Thefts and robberies of U.S. passports here decline

Thefts and robberies of U.S. passports are on the decline, although the reason or reasons are hard to pinpoint.

The stolen passport trend, which gave Costa Rica a black eye, appears to have peaked in 2007 and has continued to decline since, according to Paul D. Birdsall, U.S. consul general in Costa Rica. It is to his office that U.S. citizens come to obtain a new passport when their passport is lost or stolen.

Birdsall said that 1,108 passports were reported stolen in 2010, down from the peak of 1,450 in 2007. That was when Costa Rica made international news as the country where the greatest number of U.S. passports were taken. The countries included those that hosted far more U.S. tourists.

The numbers might be a little bit soft because citizens reporting missing passports are asked what happened. Some are just not sure, Birdsall noted Friday. The figures he gave are just for passports that have been stolen or robbed and not all the passports reported lost or missing here.

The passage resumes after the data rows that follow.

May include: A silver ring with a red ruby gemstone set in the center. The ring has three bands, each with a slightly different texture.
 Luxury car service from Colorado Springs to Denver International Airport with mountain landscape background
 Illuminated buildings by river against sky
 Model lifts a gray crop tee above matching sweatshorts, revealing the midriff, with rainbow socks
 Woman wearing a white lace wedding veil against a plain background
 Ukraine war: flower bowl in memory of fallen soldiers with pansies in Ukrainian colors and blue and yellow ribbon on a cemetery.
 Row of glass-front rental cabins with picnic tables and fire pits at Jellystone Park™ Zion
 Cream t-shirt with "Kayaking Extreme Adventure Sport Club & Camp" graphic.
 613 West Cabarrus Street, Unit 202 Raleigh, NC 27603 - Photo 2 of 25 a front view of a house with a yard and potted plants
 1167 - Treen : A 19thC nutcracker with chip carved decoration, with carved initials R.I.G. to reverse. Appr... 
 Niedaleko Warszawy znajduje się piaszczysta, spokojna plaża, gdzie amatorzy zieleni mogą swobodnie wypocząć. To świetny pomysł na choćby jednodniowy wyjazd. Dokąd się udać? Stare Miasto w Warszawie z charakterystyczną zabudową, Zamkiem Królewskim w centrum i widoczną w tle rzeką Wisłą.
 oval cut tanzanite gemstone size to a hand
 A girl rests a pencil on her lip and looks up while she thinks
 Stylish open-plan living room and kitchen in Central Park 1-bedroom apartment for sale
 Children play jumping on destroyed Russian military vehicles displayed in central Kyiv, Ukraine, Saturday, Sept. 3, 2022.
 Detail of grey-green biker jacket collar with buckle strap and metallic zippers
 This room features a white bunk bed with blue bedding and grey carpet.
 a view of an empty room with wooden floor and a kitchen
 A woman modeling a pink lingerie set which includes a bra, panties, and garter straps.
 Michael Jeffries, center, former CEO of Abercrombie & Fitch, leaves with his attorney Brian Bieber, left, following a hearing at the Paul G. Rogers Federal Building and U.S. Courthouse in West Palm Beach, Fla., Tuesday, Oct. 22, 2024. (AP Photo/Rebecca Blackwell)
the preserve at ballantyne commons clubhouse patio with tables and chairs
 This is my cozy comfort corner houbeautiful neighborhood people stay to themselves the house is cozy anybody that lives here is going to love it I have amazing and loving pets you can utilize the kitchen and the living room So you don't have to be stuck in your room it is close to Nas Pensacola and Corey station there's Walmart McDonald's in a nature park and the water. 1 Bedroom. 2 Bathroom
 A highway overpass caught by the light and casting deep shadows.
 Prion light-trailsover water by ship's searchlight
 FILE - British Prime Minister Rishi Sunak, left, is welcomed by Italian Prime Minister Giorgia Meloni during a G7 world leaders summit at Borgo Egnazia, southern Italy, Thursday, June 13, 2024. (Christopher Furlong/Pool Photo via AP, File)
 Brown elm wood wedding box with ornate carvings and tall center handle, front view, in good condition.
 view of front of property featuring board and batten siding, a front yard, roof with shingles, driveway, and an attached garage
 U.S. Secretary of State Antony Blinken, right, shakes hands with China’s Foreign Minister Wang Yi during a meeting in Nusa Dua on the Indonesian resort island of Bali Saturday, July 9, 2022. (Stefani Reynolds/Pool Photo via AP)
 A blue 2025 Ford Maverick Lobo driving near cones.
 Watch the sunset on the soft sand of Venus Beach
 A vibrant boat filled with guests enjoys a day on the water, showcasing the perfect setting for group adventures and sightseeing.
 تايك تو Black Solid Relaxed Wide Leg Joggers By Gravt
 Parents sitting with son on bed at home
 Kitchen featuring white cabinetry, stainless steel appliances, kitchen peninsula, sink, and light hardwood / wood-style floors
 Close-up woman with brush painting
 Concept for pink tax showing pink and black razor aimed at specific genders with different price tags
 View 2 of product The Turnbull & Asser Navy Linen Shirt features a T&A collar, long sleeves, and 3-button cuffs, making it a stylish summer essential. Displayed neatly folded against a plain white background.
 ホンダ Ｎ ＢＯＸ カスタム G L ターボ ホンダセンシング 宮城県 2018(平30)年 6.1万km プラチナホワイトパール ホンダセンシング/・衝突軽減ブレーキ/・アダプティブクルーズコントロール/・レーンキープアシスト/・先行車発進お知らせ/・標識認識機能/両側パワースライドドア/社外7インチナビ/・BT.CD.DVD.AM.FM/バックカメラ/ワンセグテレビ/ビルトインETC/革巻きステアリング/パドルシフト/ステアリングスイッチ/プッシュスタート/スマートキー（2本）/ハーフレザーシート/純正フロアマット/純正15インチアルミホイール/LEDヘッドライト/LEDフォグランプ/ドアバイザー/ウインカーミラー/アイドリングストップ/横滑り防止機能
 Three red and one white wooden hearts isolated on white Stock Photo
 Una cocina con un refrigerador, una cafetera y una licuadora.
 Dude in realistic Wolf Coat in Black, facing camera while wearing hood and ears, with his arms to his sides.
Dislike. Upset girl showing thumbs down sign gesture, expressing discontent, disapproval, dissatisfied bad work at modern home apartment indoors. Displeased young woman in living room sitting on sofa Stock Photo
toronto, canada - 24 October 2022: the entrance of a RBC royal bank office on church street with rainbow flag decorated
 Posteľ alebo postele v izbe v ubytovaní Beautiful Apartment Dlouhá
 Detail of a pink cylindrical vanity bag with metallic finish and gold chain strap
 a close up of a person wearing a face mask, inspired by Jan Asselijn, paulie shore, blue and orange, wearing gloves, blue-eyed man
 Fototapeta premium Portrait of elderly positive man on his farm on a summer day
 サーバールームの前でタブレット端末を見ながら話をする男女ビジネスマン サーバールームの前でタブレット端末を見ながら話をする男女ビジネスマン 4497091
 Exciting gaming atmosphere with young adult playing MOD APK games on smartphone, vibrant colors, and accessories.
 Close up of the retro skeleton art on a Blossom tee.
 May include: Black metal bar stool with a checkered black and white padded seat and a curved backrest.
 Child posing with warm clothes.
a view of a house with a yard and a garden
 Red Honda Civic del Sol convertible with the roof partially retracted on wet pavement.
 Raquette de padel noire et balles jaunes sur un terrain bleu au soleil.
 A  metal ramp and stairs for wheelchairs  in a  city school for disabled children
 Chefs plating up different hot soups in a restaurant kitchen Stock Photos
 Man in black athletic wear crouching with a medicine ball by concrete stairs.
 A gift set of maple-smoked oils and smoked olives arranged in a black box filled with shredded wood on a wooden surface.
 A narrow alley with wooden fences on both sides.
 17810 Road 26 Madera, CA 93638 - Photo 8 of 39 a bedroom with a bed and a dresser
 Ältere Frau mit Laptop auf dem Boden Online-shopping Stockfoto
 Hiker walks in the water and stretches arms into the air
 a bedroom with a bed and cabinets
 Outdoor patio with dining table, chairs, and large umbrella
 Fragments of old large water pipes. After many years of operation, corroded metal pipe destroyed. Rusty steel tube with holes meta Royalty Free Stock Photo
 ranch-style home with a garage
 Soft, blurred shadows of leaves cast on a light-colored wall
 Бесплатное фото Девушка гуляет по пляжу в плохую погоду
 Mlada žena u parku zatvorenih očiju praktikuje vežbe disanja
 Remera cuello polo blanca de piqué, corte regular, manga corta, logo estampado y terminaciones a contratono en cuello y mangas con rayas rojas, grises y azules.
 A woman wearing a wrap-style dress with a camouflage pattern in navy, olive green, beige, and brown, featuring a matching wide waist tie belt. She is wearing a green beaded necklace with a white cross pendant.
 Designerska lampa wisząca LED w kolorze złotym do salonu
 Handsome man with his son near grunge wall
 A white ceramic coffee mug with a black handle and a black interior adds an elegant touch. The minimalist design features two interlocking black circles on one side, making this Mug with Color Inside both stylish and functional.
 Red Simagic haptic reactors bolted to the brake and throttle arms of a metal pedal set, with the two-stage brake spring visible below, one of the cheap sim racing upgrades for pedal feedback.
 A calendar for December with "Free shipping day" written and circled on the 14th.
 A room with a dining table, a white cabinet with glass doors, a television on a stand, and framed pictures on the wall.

The passports usually are taken as part of the theft or robbery of other belongings. The downward trend has continued into 2011 with 417 passports classified as stolen through May compared to 525 in 2010, according to embassy figures.

Why reported thefts and robberies have declined is a real puzzle with a number of possible factors. Birdsall said that he thought the Policia de Turismo, the special tourism police force, has had an impact. Most of the officers travel in pairs on bicycles in the areas with high tourist concentrations like the central Pacific beaches.

A favorite technique of crooks is to wait until a tourist is in the water swimming and then ransack belongings left on the beach. The presence of tourism police impedes these thefts.

The Instituto Costarricense de Turismo just agreed last week to allocate about $600,000 to the security ministry to double the size of the force to 312 officers. Mario Zamora, security minister, said that the special 5-year-old police force has been able to reduce by 40 percent crimes reported by tourists.

The passport statistics suggest a far lower cut in crime.

Crime statistics are not very accurate in Costa Rica except for major cases like murder and bank robberies where there is sure to be a report. U.S. passport thefts, on the other hand, are highly accurate because tourists cannot get back to the United States without some form of substitute. Each morning at the consulate entrance to the embassy on the Pavas boulevard U.S. theft and robbery victims can be found seeking a replacement.

Birdsall also noted that U.S. passports issued recently contain a computer chip and enhanced security measures that make creating a doctored document nearly impossible. However, he noted that illegal passport brokers can work to match the physical description of a crook to the selection of passports that have been obtained as the result of crimes. The big advantage, he noted, is that these passports can be used to enter countries other than the United States because most nations in the world give easy access to U.S. citizens.

Once a passport is reported as stolen or lost to consulate officials, an entry is made in a data base, and the document is useless for trying to enter the United States, he noted.

Birdsall also credited a better informed public for cutting the number of stolen or robbed passports. Most travelers now know that they cannot leave their street sense at the airport.

Even when taken, passports no longer seem to be highly valued by crooks. When an A.M. Costa Rica editor was robbed at knifepoint two years ago, a crook took the passport and then threw it into the gutter.

When someone got their hands on passports of a missing French couple this year in Quepos, the documents ended up in a trash container in Jacó. It may be that crooks have simply graduated to more lucrative enterprises.